China-Linked Cyber Espionage Targets MITRE Network: ROOTROT Webshell Exploited

May 7, 2024

MITRE Corporation has released additional information about a cyber attack that was first detected in late December 2023. The attack targeted the company's Networked Experimentation, Research, and Virtualization Environment (NERVE) and exploited two Ivanti Connect Secure zero-day vulnerabilities, identified as CVE-2023–46805 and CVE-2024–21887.

The attackers gained access to the research network via VMware infrastructure using a compromised administrator account. They then used a combination of backdoors and web shells to maintain a presence in the network and collect credentials. The earliest signs of intrusion date back to late December 2023, when the attackers deployed a Perl-based web shell called ROOTROT for initial access.

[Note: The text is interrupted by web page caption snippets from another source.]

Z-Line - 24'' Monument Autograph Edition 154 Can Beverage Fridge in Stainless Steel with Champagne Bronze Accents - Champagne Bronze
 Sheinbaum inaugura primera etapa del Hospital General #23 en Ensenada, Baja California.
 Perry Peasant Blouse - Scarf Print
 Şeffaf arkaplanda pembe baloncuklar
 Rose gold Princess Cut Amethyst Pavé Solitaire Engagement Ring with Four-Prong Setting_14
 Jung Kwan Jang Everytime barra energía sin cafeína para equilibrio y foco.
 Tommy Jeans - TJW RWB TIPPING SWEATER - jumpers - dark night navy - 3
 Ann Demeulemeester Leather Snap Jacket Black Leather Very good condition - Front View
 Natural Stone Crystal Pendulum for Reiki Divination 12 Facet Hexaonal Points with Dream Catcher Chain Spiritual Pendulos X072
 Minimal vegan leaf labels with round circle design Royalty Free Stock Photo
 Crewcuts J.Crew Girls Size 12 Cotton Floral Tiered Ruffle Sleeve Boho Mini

ROOTROT, identified by Google-owned Mandiant, is incorporated into a legitimate Connect Secure .ttc file and is linked to a China-nexus cyber espionage cluster known as UNC5221. This group is also associated with other web shells including BUSHWALK, CHAINLINE, FRAMESTING, and LIGHTWIRE. Following the deployment of the web shell, the attackers profiled the NERVE environment and established communication with multiple ESXi hosts, gaining control over MITRE's VMware infrastructure.

They then deployed a Golang backdoor called BRICKSTORM and a previously undocumented web shell known as BEEFLUSH, which allowed them to execute arbitrary commands and communicate with command-and-control servers. As MITRE researcher Lex Crumpton explained, "These actions established persistent access and allowed the adversary to execute arbitrary commands and communicate with command-and-control servers."

The attackers used techniques such as SSH manipulation and execution of suspicious scripts to maintain control over the compromised systems. They also deployed another web shell known as WIREFIRE (aka GIFTEDVISITOR) a day after the public disclosure of the twin flaws on January 11, 2024, to facilitate covert communication and data exfiltration.

In addition to using the BUSHWALK web shell for transmitting data from the NERVE network to command-and-control infrastructure on January 19, 2024, the attackers attempted lateral movement and maintained persistence within NERVE from February to mid-March. However, they were unsuccessful in their attempts to move laterally into MITRE systems.